Zama is a 1956 novel by Argentine writer Antonio di Benedetto. Existential in nature, the plot centers around the eponymous Don Diego de Zama, a minor official of the colonial Spanish Empire stationed in remote Paraguay during the late 18th century, and his attempts to receive a long-awaited promotion and transfer to Buenos Aires in the face of personal and professional stagnation. Di Benedetto drew heavily from Russian writer Fyodor Dostoevsky. These existential themes of inward and outward stasis because of circumstance drive the novel's narrative as being constantly in motion yet never changing. Together with two of his other novels, El silenciero (1964) and Los suicidas (1969), Zama has been published as part of Benedetto's informal La trilogía de la espera (The Trilogy of Waiting). The novel is considered by various critics to be a major work of Argentine literature.

== Plot summary ==
Don Diego de Zama is a servant to the Spanish crown in remote Paraguay. Separated from his wife and children, he continuously schemes for professional advancement as he struggles with his mental and emotional state as isolation, bureaucratic setbacks, and self-destructive choices begin to compound themselves in his life. The novel is divided chronologically into three sections: 1790, 1794, and 1799, which focus on, respectively, Zama's sexual, financial, and existential conflicts.

== Reception ==
Obscure on its original release and unknown to English readers before its translation in 2016, Zama has since been considered by various critics to be a major work of Argentine literature. Roberto Bolaño used Antonio di Benedetto and Zama as the basis of his short story "Sensini" from the collection Last Evenings on Earth, about fictional writer Luis Antonio Sensini and his novel Ugarte, likewise about an 18th-century colonial bureaucrat, described as having been written with "neurosurgical precision." The 2016 translation in English was lauded in The New Yorker by novelist Benjamin Kunkel as "a neglected South American masterpiece" ("The belated arrival of Zama in the United States raises an admittedly hyperbolic question: Can it be that the Great American Novel was written by an Argentinean?

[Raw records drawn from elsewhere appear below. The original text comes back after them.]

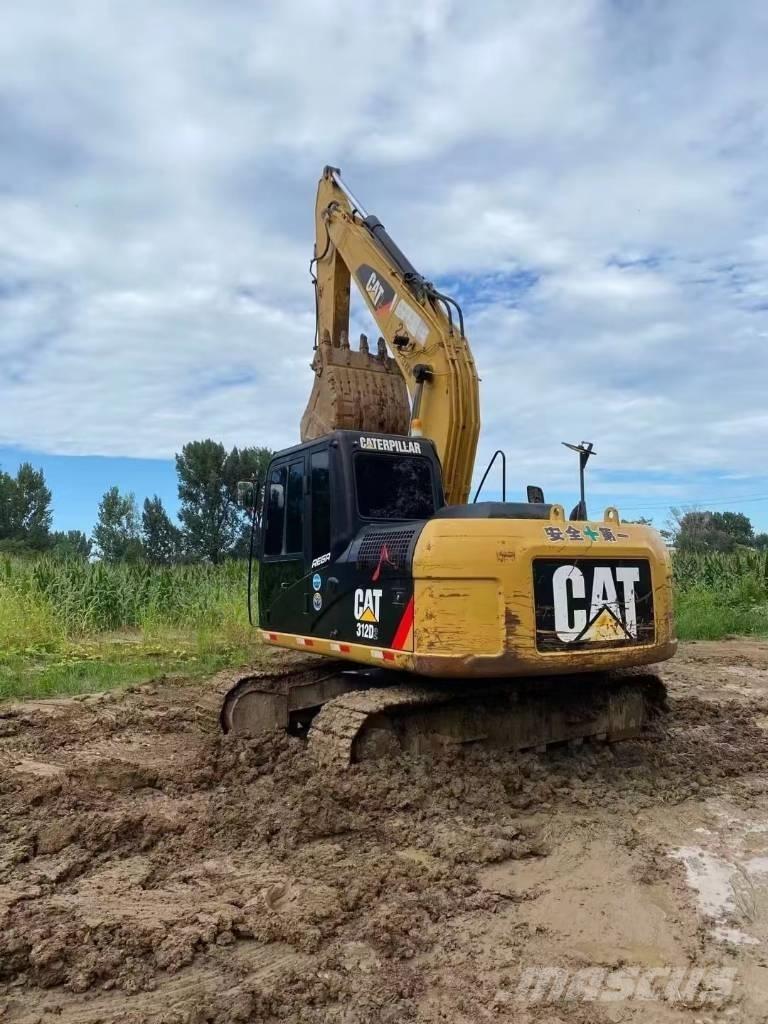 CAT 312D Midi-gravemaskiner 7t - 12t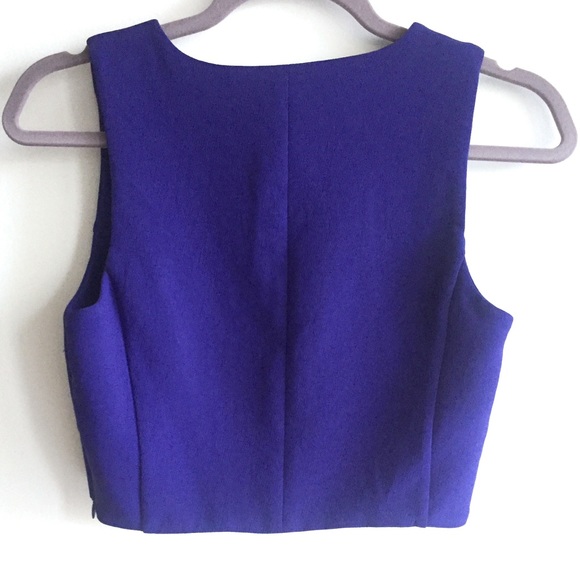 Aritzia Wilfred Dauphine Crop Top - Picture 2 of 3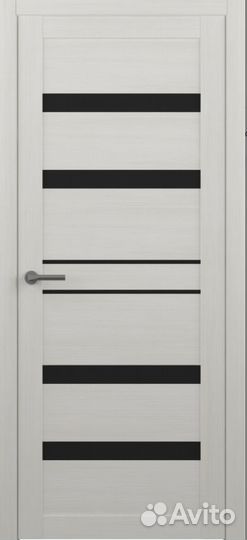 Дверь Дрезден кипарис белый, покрытие Арт-шпон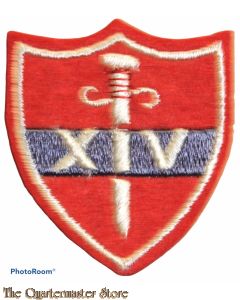 Formation patch 14th Army 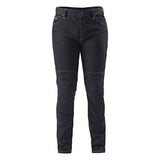 Pantalon Moto Furygan D03 TAPERED — Protection CE Niveau A Noir - LE PRATIQUE DU MOTARD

It’s hard, anyway, to think of a superior novel about the bloody life of the frontier."), and by Nobel Prize in Literature laureate J. M. Coetzee in The New York Review of Books: "Zama remains the most attractive of Di Benedetto's books, if only because of the crazy energy of Zama himself, which is vividly conveyed in Esther Allen’s excellent translation."

Esther Allen's translation into English won the 2017 National Translation Award (USA).

== Adaptation ==

In 2017 Zama was adapted into a feature film by Argentine director Lucrecia Martel.